# Progress Build of Lt. Frank Luke's SPAD XIII



## Phillip1 (Jul 24, 2009)

Fellow Modelers,

I am starting this thread to share the building progress of my current model project, Hobbycraft’s 1/32 scale SPAD XIII French WWI fighter. I have always wanted to build a large scale SPAD XIII with the color scheme and markings of Lt. Frank Luke’s plane. He was the second leading American (AEF) ace in WWI, scoring 18 victories (4 aircraft and 14 observation balloons) between 9/12/18 and 9/29/18 before being shot down and killed. The Hobbycraft kit has been around for a while. The moldings are on the soft side and the details are sparse, but the overall part shapes and outlines are very accurate (based on the Internet experts). The main reason I decided to build it is because I discovered a company called Aviattic that offered an aftermarket set for this kit that included a very detailed decal set, an outstanding 2-piece resin figure of Luke and a color booklet with a history of his aerial exploits/lines drawings of all the aircraft he flew. The set was pricey ($56.00 on e-bay) but I got caught up in the moment (usually a bad thing) and quickly hit the “BUY IT NOW” button. The kit is molded in light gray/clear with about 55 parts. The kit decals and instructions are average quality. 

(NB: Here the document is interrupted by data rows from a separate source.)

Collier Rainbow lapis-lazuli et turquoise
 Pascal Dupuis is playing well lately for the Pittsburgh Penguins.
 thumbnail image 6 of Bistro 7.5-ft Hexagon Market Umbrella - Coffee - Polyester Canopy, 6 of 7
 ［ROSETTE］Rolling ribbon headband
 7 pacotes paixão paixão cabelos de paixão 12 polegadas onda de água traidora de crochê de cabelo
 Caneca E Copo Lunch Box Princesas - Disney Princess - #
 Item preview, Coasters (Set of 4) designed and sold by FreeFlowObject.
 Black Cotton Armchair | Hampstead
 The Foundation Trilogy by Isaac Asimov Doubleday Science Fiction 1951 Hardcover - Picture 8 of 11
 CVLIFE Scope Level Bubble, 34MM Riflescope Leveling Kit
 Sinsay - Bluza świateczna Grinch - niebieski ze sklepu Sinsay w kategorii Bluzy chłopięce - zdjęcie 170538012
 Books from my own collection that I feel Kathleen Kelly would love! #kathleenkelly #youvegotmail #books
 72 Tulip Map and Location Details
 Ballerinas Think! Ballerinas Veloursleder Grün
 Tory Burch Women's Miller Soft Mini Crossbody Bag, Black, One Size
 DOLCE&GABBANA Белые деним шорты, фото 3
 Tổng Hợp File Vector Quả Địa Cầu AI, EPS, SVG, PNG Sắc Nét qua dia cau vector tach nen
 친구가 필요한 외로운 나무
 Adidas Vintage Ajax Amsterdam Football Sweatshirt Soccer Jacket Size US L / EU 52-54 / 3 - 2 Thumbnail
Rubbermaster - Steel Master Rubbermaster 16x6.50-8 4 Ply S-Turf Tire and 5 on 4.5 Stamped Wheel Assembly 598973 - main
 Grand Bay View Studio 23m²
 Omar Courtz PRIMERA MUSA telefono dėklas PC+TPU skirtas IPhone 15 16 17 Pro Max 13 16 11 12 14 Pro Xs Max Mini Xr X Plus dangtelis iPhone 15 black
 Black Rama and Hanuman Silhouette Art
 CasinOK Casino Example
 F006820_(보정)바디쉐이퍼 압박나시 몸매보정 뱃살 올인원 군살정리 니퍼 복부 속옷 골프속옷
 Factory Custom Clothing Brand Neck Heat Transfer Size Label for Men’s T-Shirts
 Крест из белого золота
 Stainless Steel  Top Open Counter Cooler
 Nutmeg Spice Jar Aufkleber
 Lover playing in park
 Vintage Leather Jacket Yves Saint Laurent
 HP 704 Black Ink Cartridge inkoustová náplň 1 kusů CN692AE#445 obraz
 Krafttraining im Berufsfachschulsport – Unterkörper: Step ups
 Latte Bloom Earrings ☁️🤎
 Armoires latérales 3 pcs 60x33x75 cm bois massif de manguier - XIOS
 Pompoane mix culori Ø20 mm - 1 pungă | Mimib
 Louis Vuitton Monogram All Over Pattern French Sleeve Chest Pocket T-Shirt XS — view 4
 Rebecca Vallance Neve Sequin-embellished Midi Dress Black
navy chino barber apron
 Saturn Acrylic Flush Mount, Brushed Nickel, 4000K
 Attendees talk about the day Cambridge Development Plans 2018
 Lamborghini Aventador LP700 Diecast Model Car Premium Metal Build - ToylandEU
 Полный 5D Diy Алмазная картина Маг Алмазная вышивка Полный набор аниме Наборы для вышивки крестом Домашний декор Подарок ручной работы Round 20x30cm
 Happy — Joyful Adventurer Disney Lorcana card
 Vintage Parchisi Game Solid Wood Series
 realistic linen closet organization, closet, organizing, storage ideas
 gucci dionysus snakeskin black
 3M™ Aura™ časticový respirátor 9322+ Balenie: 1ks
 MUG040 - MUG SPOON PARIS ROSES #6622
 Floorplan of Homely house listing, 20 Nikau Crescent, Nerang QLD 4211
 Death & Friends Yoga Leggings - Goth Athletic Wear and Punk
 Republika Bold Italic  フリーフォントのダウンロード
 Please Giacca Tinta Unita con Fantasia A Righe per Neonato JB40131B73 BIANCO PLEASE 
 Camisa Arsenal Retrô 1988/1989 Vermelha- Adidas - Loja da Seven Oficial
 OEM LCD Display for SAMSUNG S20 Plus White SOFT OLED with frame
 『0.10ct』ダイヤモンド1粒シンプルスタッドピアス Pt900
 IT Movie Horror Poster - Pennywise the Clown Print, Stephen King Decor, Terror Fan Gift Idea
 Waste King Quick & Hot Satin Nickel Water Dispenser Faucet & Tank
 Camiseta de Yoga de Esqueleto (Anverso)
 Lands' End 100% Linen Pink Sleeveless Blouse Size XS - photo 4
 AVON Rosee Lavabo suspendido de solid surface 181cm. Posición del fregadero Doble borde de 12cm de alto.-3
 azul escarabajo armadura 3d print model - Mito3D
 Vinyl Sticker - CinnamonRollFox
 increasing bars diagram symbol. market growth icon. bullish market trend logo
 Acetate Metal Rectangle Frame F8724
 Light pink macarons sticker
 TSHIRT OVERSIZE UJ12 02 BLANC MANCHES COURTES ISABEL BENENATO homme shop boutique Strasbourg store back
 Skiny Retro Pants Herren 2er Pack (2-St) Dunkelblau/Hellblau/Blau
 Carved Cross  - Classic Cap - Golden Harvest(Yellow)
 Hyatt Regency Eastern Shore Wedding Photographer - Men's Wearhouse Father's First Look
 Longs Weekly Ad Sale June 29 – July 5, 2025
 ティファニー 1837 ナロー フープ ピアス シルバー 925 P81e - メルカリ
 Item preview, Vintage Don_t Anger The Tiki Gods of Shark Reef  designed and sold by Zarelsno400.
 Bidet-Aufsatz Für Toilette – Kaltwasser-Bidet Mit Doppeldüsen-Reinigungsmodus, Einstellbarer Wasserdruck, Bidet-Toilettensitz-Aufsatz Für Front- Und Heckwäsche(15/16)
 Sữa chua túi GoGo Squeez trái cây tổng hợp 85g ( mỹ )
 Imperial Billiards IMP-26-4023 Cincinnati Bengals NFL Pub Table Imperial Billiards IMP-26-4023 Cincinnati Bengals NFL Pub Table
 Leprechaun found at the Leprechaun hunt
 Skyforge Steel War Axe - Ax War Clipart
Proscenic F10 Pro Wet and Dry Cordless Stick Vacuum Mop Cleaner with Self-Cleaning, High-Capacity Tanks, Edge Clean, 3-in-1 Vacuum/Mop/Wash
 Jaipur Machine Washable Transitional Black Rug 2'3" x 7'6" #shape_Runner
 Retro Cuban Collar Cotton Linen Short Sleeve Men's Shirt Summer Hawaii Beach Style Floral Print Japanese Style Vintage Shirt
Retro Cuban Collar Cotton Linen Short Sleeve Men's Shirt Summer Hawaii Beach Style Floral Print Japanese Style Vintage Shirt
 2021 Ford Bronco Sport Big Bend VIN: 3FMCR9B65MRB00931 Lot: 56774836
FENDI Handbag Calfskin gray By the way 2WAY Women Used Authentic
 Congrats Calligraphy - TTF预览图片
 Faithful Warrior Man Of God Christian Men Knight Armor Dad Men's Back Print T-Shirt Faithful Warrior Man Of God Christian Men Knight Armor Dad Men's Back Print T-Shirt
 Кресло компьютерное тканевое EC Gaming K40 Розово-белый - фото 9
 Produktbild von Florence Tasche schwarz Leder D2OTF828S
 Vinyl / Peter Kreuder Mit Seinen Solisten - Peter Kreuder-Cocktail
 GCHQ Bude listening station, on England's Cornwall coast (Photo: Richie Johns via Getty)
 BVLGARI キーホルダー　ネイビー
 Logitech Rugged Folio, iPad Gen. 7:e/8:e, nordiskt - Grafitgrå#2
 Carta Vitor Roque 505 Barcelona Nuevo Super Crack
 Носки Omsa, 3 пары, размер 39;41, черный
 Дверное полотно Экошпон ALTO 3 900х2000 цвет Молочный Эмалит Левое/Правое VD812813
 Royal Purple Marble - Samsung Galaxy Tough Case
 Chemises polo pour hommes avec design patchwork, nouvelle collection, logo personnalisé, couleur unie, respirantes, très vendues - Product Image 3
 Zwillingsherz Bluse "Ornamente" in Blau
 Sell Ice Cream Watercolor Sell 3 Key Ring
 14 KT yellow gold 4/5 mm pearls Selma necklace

1st Image: The box art is shown.



2nd through 3rd Image: Here is the cover of the Aviattic color booklet (very impressive) and the decal sheet.


4th Image: The first obstacle to overcome was a very warped upper wing. It is supposed to be flat but you can see it is not. Strangely enough, the kit instructions acknowledge the upper wing is warped and say they have provided extra-long outside struts to accommodate the incorrect shape!


5th Image: To correct the unwanted warpage I put the part in a pot of boiling water for 30 seconds, laid it on a flat surface and put heavy books on top of it. This completely cured the problem. I also tried this on the lower wing, which also had some minor distortion. Unfortunately, because the lower wing was much thinner, the heat caused it to bend badly out of shape. I was not able to straighten out the damage I caused, and had to purchase a second kit to continue the project (Ouch!$!).


6th Image: This photo shows the upper wing after the small nicks and flaws were sanded away. 


7th Image: The upper wing aileron recessed lines were very light so I used a scribing tool to make them deeper. 


8th Image: I purchased a 1/32 French WWI photo-etch set from Tom’s Model Works, but ended up only using the seat belt parts. 


9th Image: Here is the finished cockpit assembly. As you can see it is VERY basic. One of my goals was to stay as close to a “box stock” build as possible. 

Until next time...

Phillip1


----------



## StarCruiser (Sep 28, 1999)

I always had a soft spot for those old "kites"!


----------



## djmadden99 (Dec 23, 2008)

I have the Luke aftermarket decals for the old Revell 1/28 kit. I'm really interested in this build.


----------



## Phillip1 (Jul 24, 2009)

StarCruiser-Yes, some of the German WWI aircraft designs are truly beautiful with some exquisite paint schemes. 

djmadden99-Glad to have you aboard. I really like the size of the Revell 1/28 scale SPAD XIII, but I remember it having a lot of problems with fit up and warped parts. Be sure and post photos if you build it.

Phillip1


----------



## Phillip1 (Jul 24, 2009)

Fellow Modelers-Below is the progress I have made.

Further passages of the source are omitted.